(Image-text web data)
------------------------------------------------

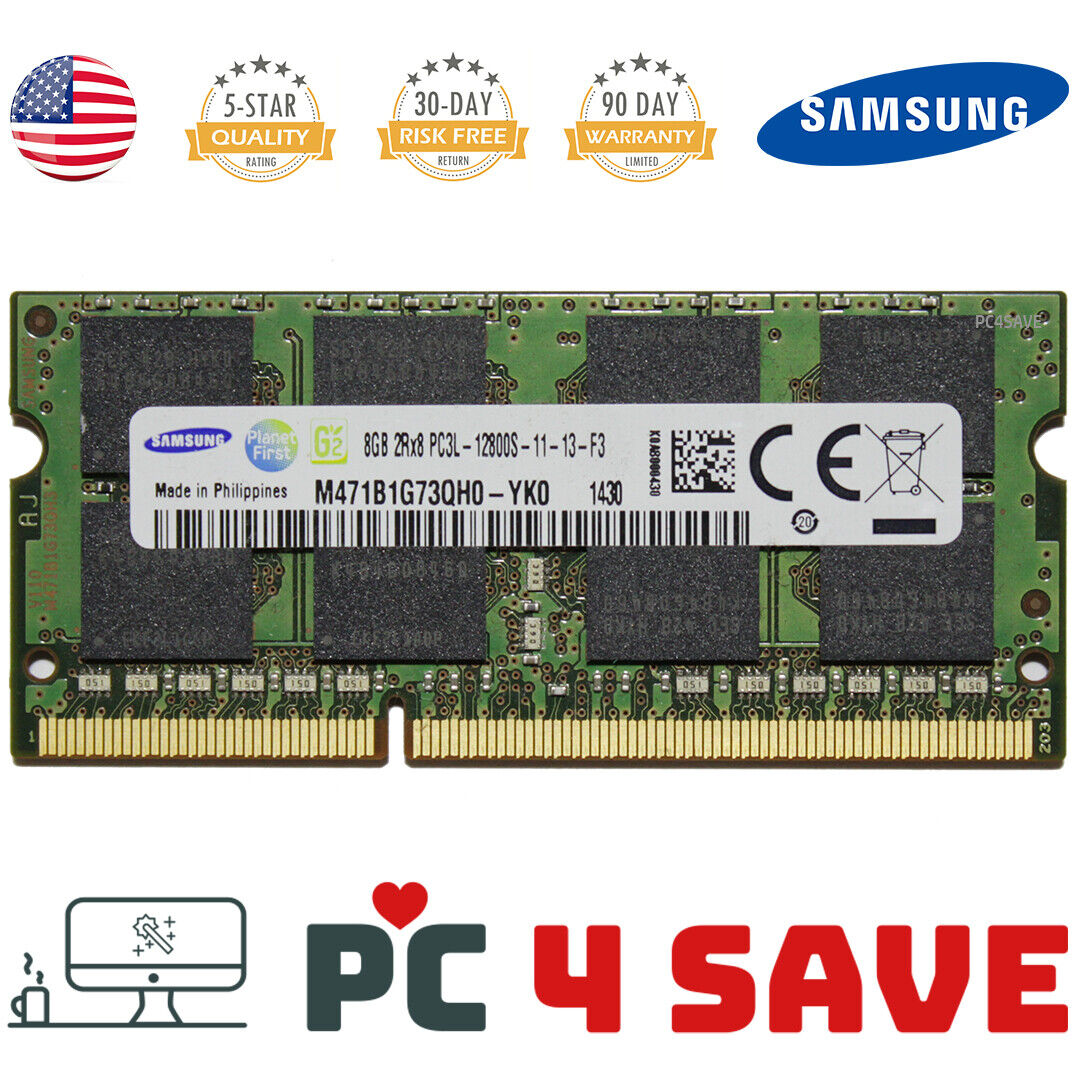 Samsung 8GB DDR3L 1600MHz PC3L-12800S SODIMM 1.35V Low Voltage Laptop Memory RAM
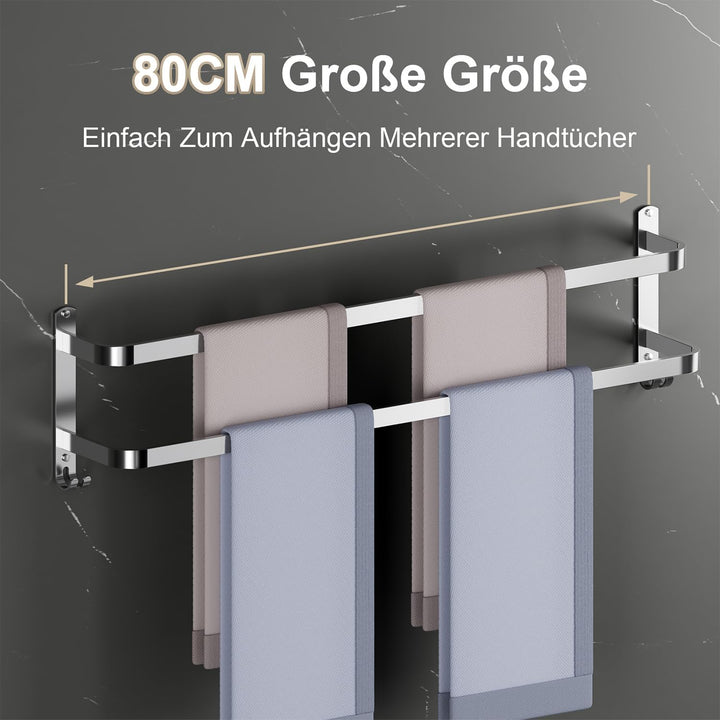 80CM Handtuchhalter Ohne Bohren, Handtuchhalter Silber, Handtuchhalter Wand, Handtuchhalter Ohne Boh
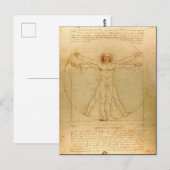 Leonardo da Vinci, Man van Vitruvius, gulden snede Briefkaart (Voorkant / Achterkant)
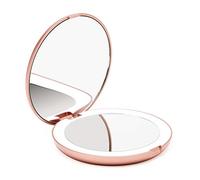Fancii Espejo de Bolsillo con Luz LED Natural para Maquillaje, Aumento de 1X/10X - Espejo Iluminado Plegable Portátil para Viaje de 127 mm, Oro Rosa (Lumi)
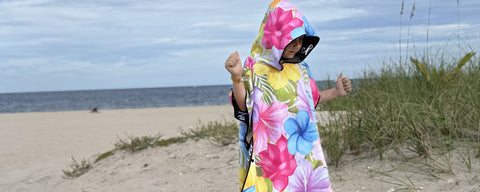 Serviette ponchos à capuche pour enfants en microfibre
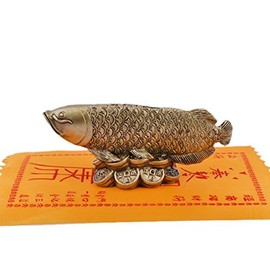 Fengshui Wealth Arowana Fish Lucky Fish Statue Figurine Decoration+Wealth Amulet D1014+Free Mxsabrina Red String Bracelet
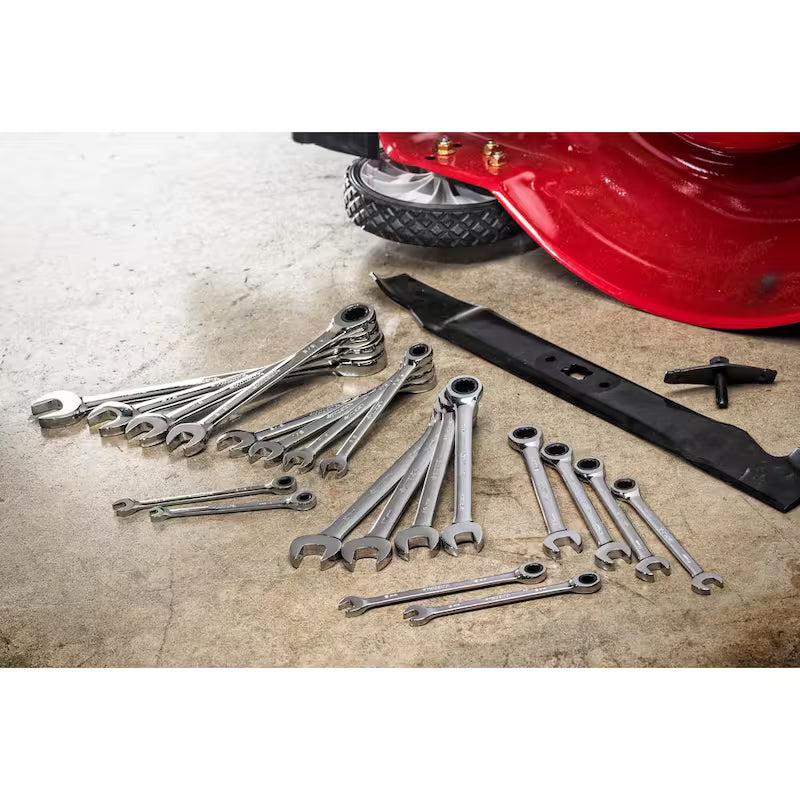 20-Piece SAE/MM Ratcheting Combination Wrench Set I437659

------------------------------------------------

Required action: Only the lines from the line with "Fancii Espejo de" to the end of the records should be repeated, exactly and without pictures.

Solution to this exercise:
Fancii Espejo de Bolsillo con Luz LED Natural para Maquillaje, Aumento de 1X/10X - Espejo Iluminado Plegable Portátil para Viaje de 127 mm, Oro Rosa (Lumi)
 Serviette ponchos à capuche pour enfants en microfibre
 Fengshui Wealth Arowana Fish Lucky Fish Statue Figurine Decoration+Wealth Amulet D1014+Free Mxsabrina Red String Bracelet
 20-Piece SAE/MM Ratcheting Combination Wrench Set I437659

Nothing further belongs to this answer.